▶ **WORK INSTRUCTIONS**:
Set down the data below exactly; pictures stay out.

▶ **COLLECTED DATA**:
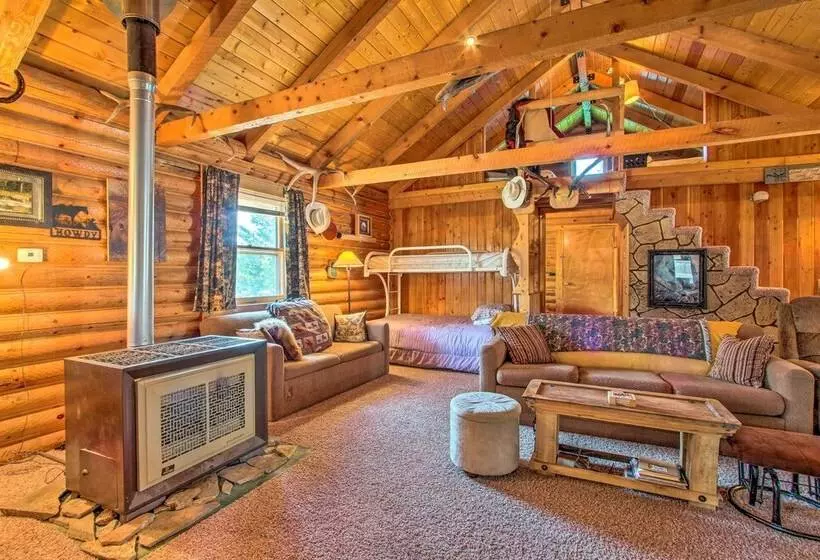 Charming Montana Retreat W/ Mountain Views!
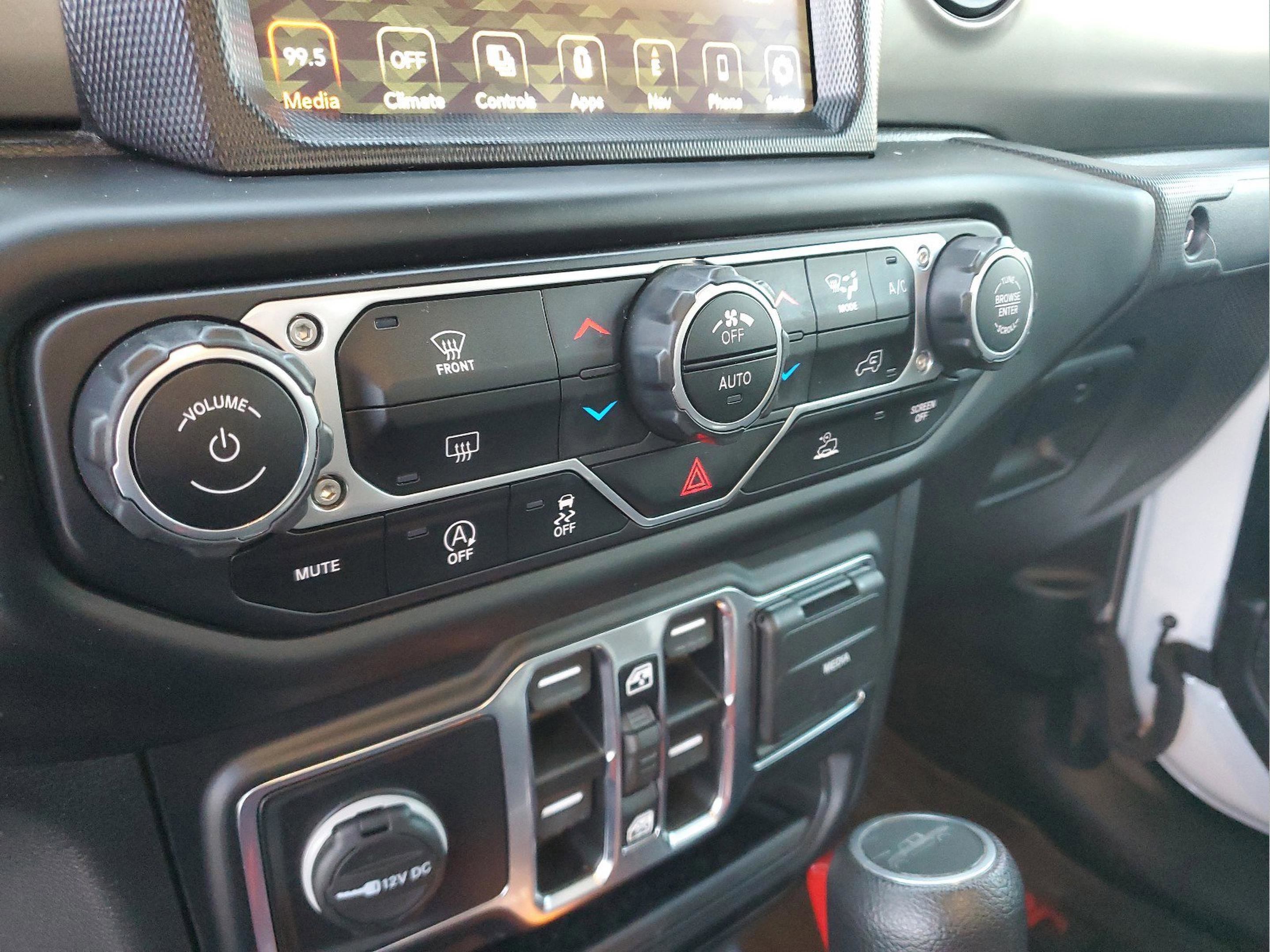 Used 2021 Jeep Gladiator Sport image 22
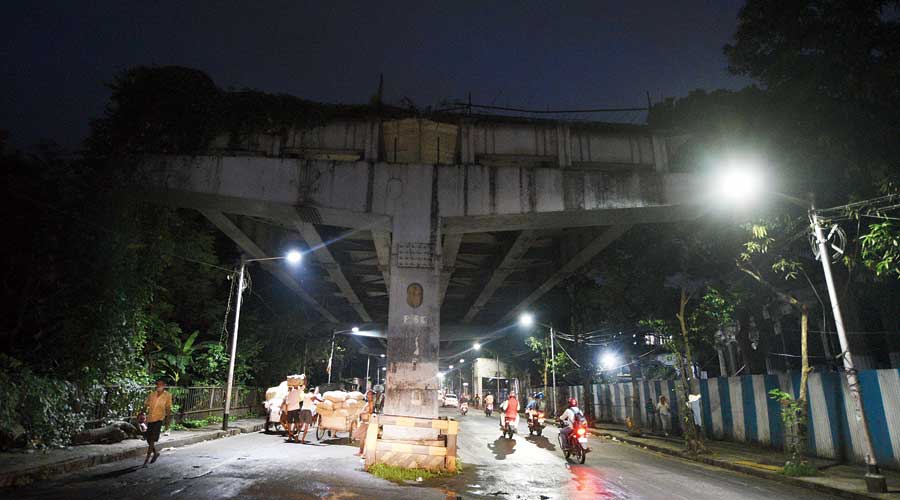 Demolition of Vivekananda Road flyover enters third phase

▶ **EXERCISE RESULT**:
 Charming Montana Retreat W/ Mountain Views!
 Used 2021 Jeep Gladiator Sport image 22
 Demolition of Vivekananda Road flyover enters third phase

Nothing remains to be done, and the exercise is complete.